- [Data excerpts]
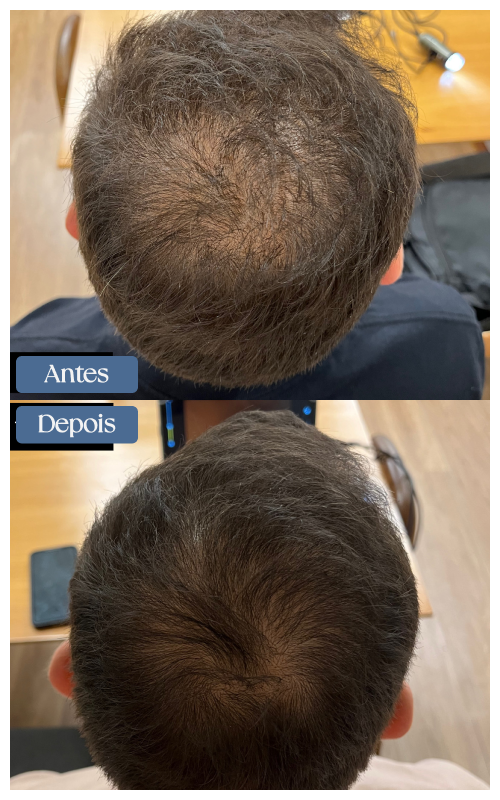 antes e depois (8)
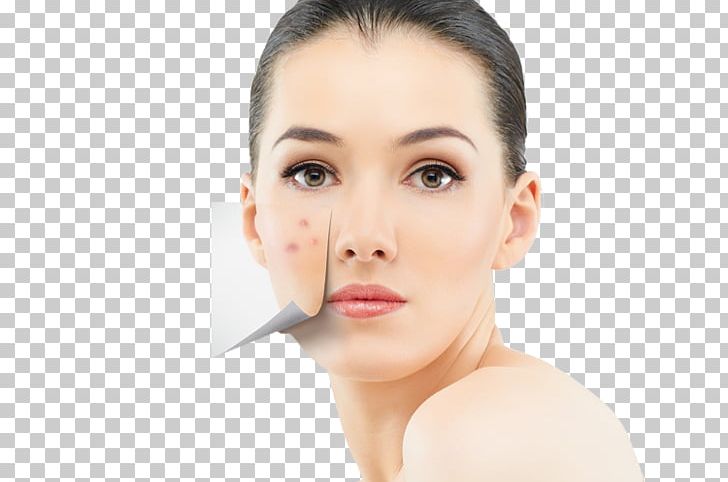Skin Care Health Acne Diet PNG, Clipart, Acne, Beauty, Cheek, Chin, Closeup Free PNG Download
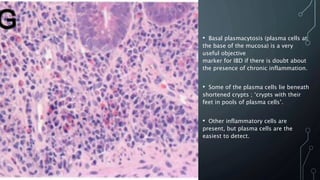 • Basal plasmacytosis (plasma cells at
the base of the mucosa) is a very
useful objective
marker for IBD if there is doubt about
the presence of chronic inflammation.
• Some of the plasma cells lie beneath
shortened crypts ; ‘crypts with their
feet in pools of plasma cells’.
• Other inflammatory cells are
present, but plasma cells are the
easiest to detect.
 
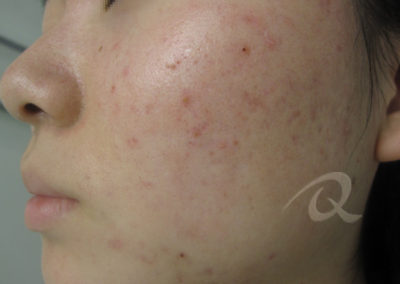Acne Before & After Photos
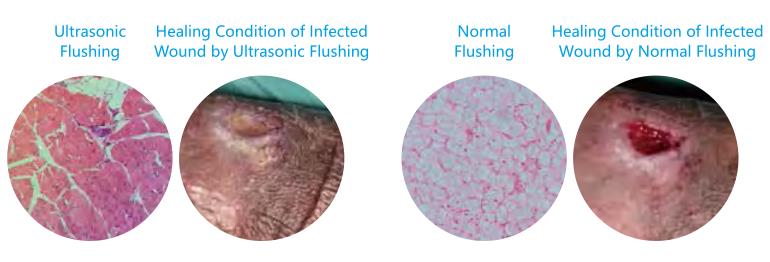Factory price for the Wound debridement system ultrasonic wound debridement machine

- [PROBLEM] Please print the records above once more, word for word, omitting all pictures.

- [YOUR SOLUTION]
 antes e depois (8)
Skin Care Health Acne Diet PNG, Clipart, Acne, Beauty, Cheek, Chin, Closeup Free PNG Download
 • Basal plasmacytosis (plasma cells at
the base of the mucosa) is a very
useful objective
marker for IBD if there is doubt about
the presence of chronic inflammation.
• Some of the plasma cells lie beneath
shortened crypts ; ‘crypts with their
feet in pools of plasma cells’.
• Other inflammatory cells are
present, but plasma cells are the
easiest to detect.
 
Acne Before & After Photos
Factory price for the Wound debridement system ultrasonic wound debridement machine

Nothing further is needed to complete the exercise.